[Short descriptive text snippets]
= Beginning of Section =

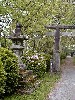 torii and lantern.JPG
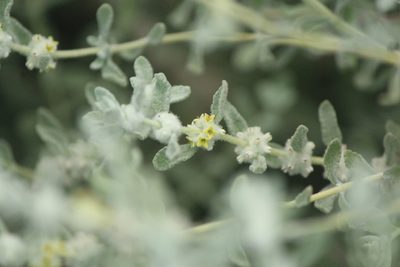 Buddleja scordioides, photographed by José Belem Hernández Díaz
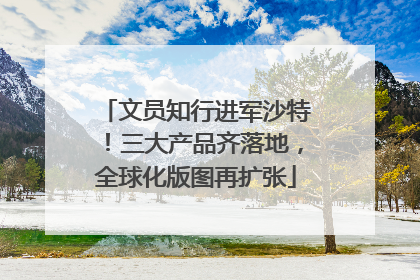 文员知行进军沙特！三大产品齐落地，全球化版图再扩张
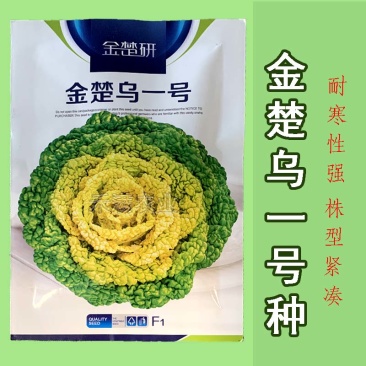 金楚乌一号黄心乌塌菜种子耐寒黄心菜种子菊花心白菜种子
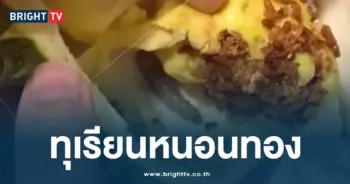 ทุเรียนหนอนทอง-min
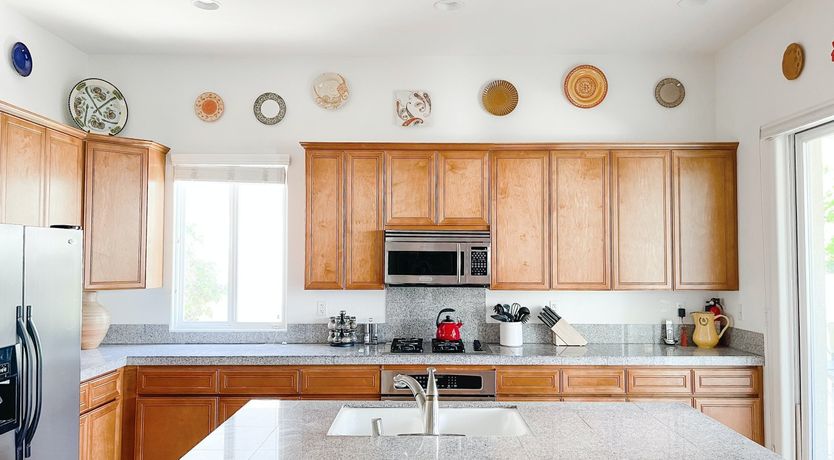 Photo of The Blue Frog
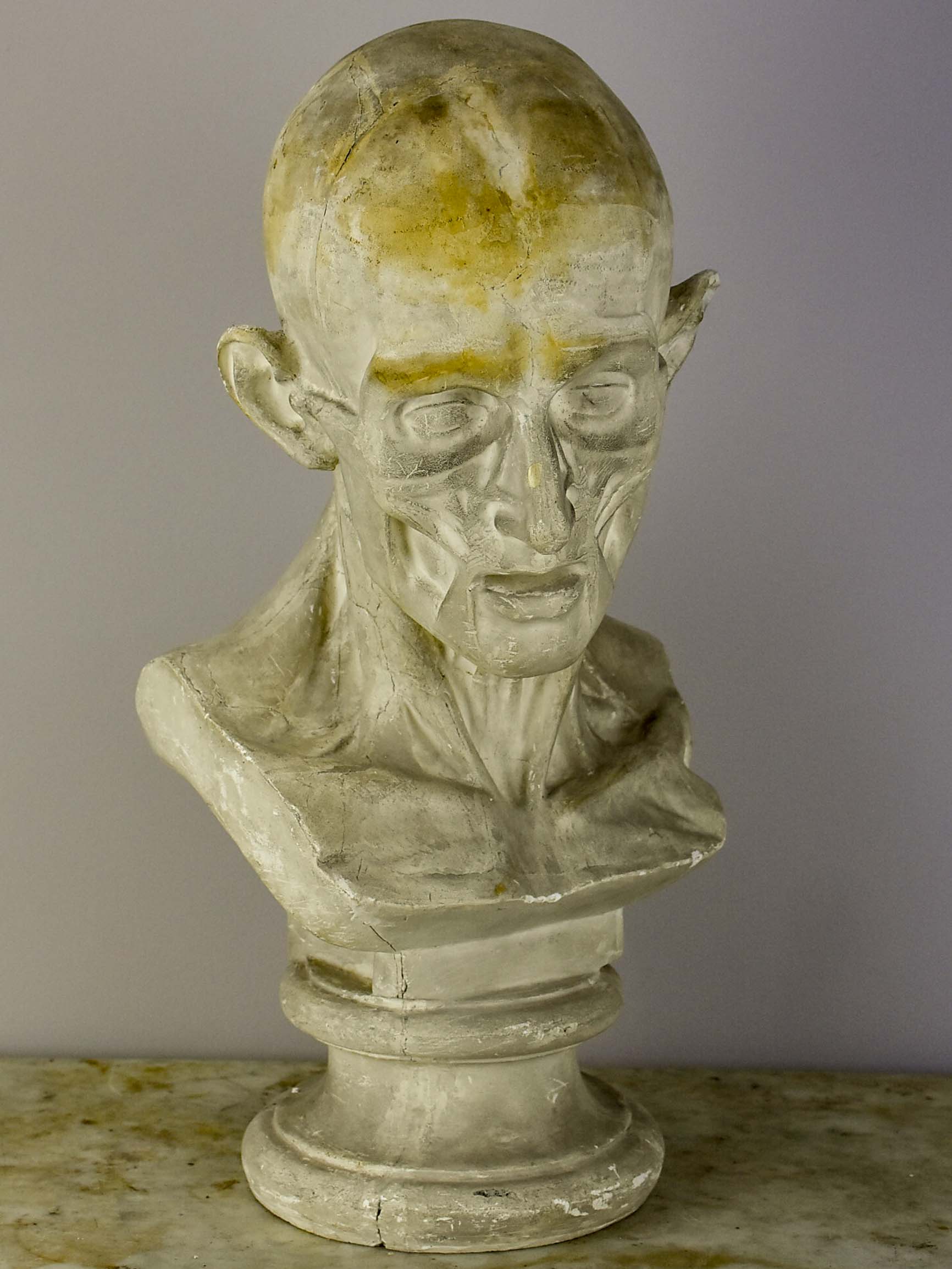 19th Century French plaster male anatomical bust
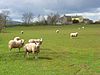 Pasture, Hewer Hill - geograph.org.uk - 782718.jpg
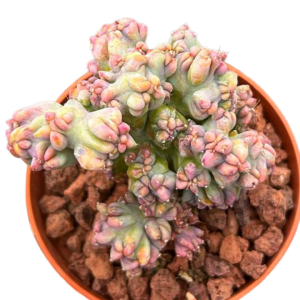 Myrtillocactus Geometrizans Crestado
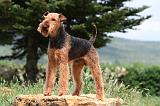 AIREDALE TERRIER 346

= End of Section =

Copy out every line above, word for word, minus images.

 torii and lantern.JPG
 Buddleja scordioides, photographed by José Belem Hernández Díaz
 文员知行进军沙特！三大产品齐落地，全球化版图再扩张
 金楚乌一号黄心乌塌菜种子耐寒黄心菜种子菊花心白菜种子
 ทุเรียนหนอนทอง-min
 Photo of The Blue Frog
 19th Century French plaster male anatomical bust
 Pasture, Hewer Hill - geograph.org.uk - 782718.jpg
 Myrtillocactus Geometrizans Crestado
 AIREDALE TERRIER 346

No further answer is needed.